Malgré l’absence de communication et de visibilité sur la production évaluative, il semble possible de dire qu’aucune modification législative n’a été entraînée par les évaluations.

Les évaluations au Mali ont plus tendance à s’intéresser à des réalisations et à la mise en œuvre des programmes. Peu d’évaluateurs s’intéressent aux impacts et les méthodologies utilisées mériteraient d’être revues afin d’être conformes aux standards internationaux.

La faiblesse de la pratique évaluative invite donc à oeuvrer pour renforcer le recours à celle-ci. Au regard du nombre de politiques publiques, projets et programmes élaborés et de leur coût, une culture d’évaluation contribuerait à attester des bienfaits des différentes interventions sur la population.


Une professionnalisation à accompagner

Cela passe probablement par le développement de l’offre de formation notamment sur l’évaluation d’impact, la collecte et analyse des données, l’utilité de l’évaluation, les démarches participatives, l’intégration des dimensions genre et environnement.

Pour le moment il semblerait que la plupart des évaluateurs bénéficient des formations en évaluation dispensées par le PNUD, le ministère de l’Aménagement du territoire et de la population (à travers le CERCAP), l’ENAP de Québec, le CESAG de Dakar et les facultés de l’université de Bamako.

Discipline encore récente au Mali, l’évaluation est pratiquée par tous les profils professionnels. Cependant, les profils que l’on retrouve le plus sont les sociologues, les économistes, les agroéconomistes, les démographes et les spécialistes en suivi et évaluation.
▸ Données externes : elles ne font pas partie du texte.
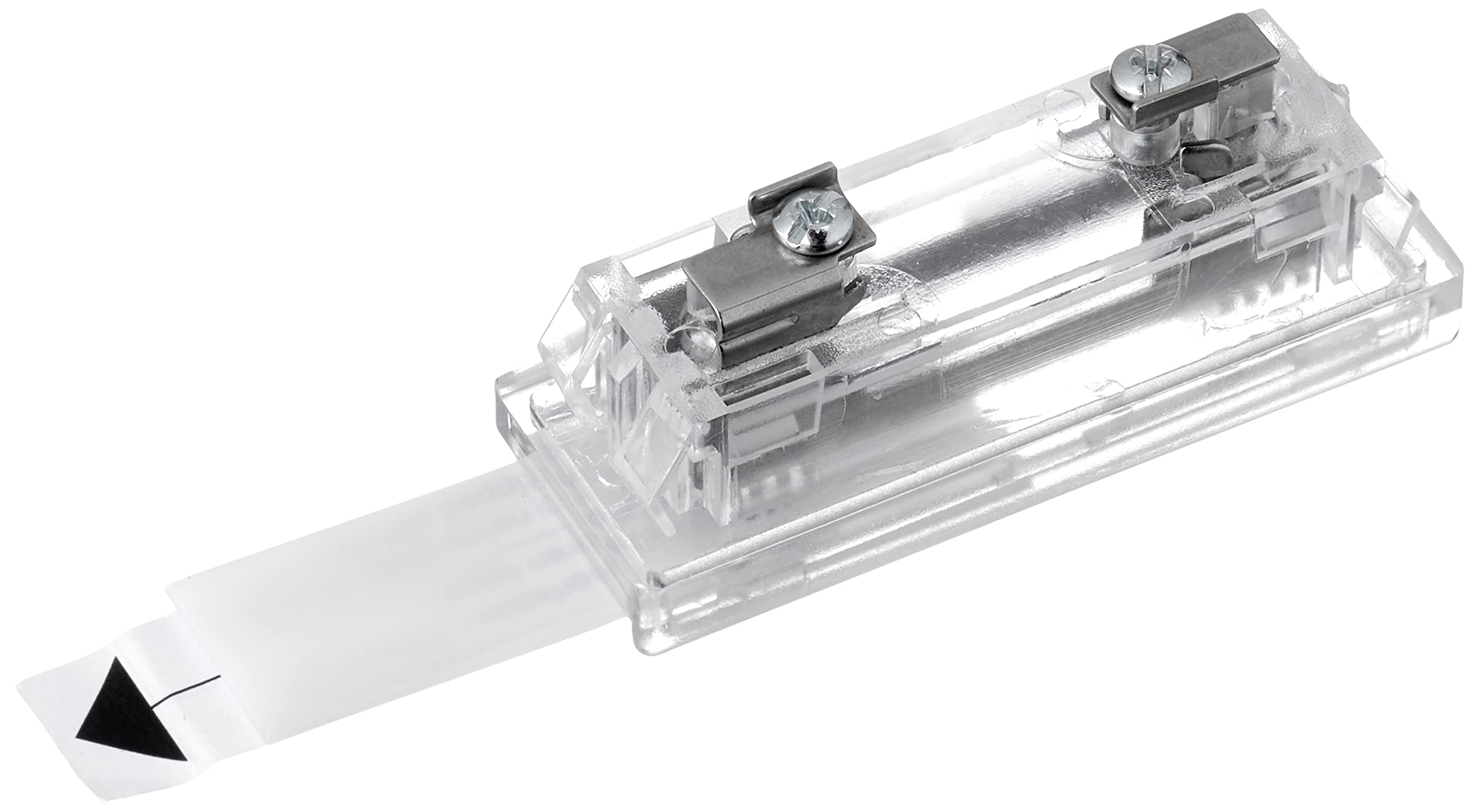 Ritto Klingeltaster transparent mit Namensschild – Unterputz, Kunststoff (Modell 2132850/1590200)
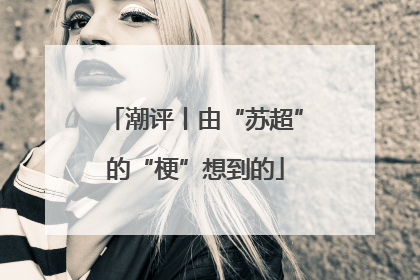 潮评丨由“苏超”的“梗”想到的
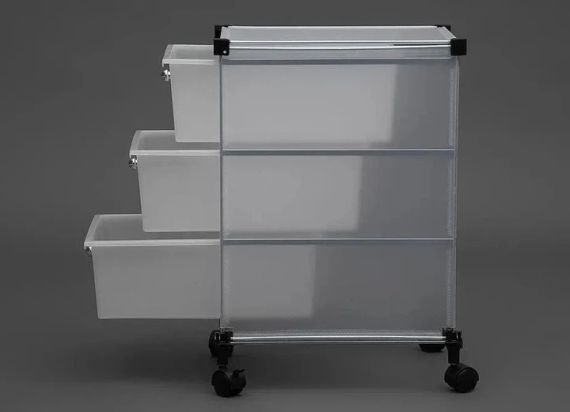 Комод на колесах Onder Mebli 68562003, пластиковий органайзер з 3 ящиками | Зображення 4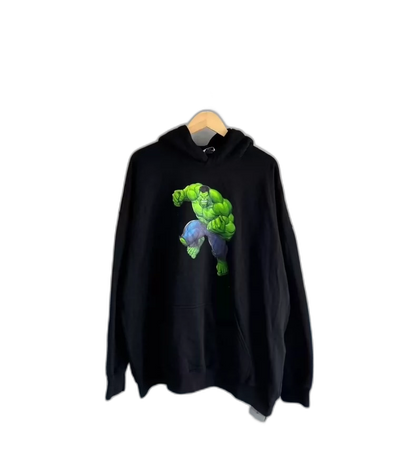 Balenciaga Hulk Print Black Hoodie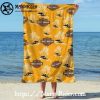 Split Flag Rebel Harley Davidson Beach Towels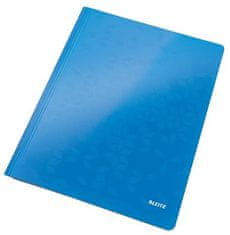LEITZ Dosky s rýchloviazačom "WOW", modrá, lesklé, polaminovaný kartón, A4 30010036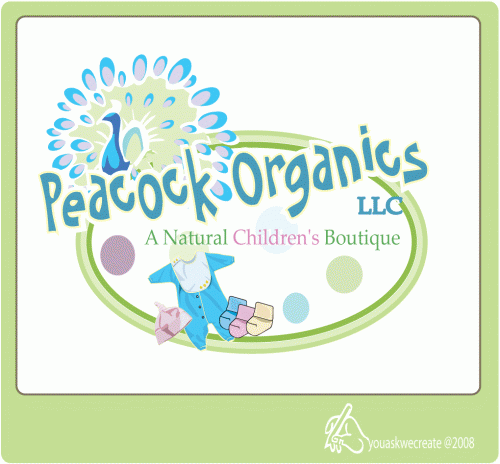 Logo Design entry 17188 submitted by ginalin to the Logo Design for Peacock Organics, LLC run by peacockorganics
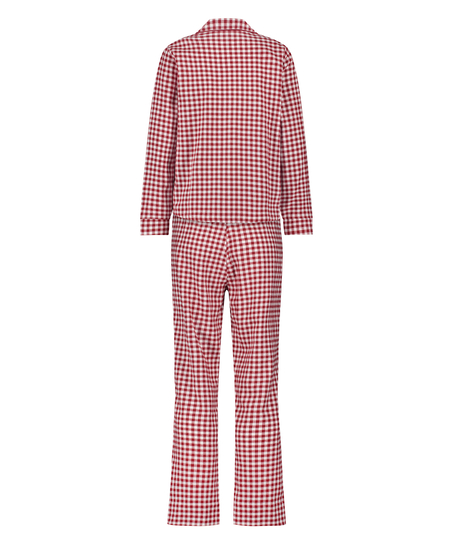 Flannel Pyjama Set, Red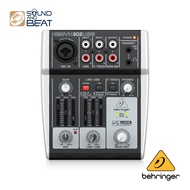 BEHRINGER XENYX302 USB mixer XENYX 302USB ( มิกเซอร์ 302 USB พร้อม USB/Audio Interface )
Les freins à une institutionnalisation de l’évaluation

Une volonté politique questionnée

Le Mali est confronté à la faiblesse des dispositifs institutionnels et organisationnels : à ce jour, ni la Section des Comptes ni le Bureau du Vérificateur Général ou la Commission chargée des finances de l’Assemblée Nationale n’ont effectué d’évaluation de politique publique.

Par ailleurs, Il n’existe pas non plus de cadre de référence ou méthodologique générale pour les évaluations, chacun y allant de ses méthodes et de ses convictions. Et malgré l’institutionnalisation de la gestion axée sur les résultats qui pose les principes d’évaluation, aucun texte en la matière n’a été adopté que ce soit en termes de réformes ou en matière législative.

Côté ressources humaines qualifiées, elle ne semble pas avoir atteinte la masse critique nécessaire à l’impulsion d’une culture évaluative malgré l’implication des bailleurs de fonds et de certaines structures nationales.

Ces éléments interrogent les capacités d’appropriation des démarches évaluatives par les acteurs et la volonté politique de sensibiliser et soutenir une telle appropriation au plus haut niveau.


L’évaluation dans la sphère publique

La société civile est assez dynamique au Mali. Mais l’évaluation n’étant pas très connue du grand public, sa demande par les citoyens est très timide. Le fait que les résultats d’évaluations ne sont pas rendues public n’aide pas non plus la société civile à s’en saisir. Son utilisation par la société civile reste donc dérisoire.

Par ailleurs, si les ONG, quant à elles, mènent aussi des évaluations afin de répondre aux exigences des bailleurs de fonds, ces différentes revues ne sauraient se substituer à des évaluations de politiques publiques.

Quant aux médias nationaux, ils relaient très timidement les résultats relatifs aux évaluations réalisées et se saisissent très peu souvent de ces travaux. Ainsi, rares sont les débats qui portent sur les travaux d’évaluation.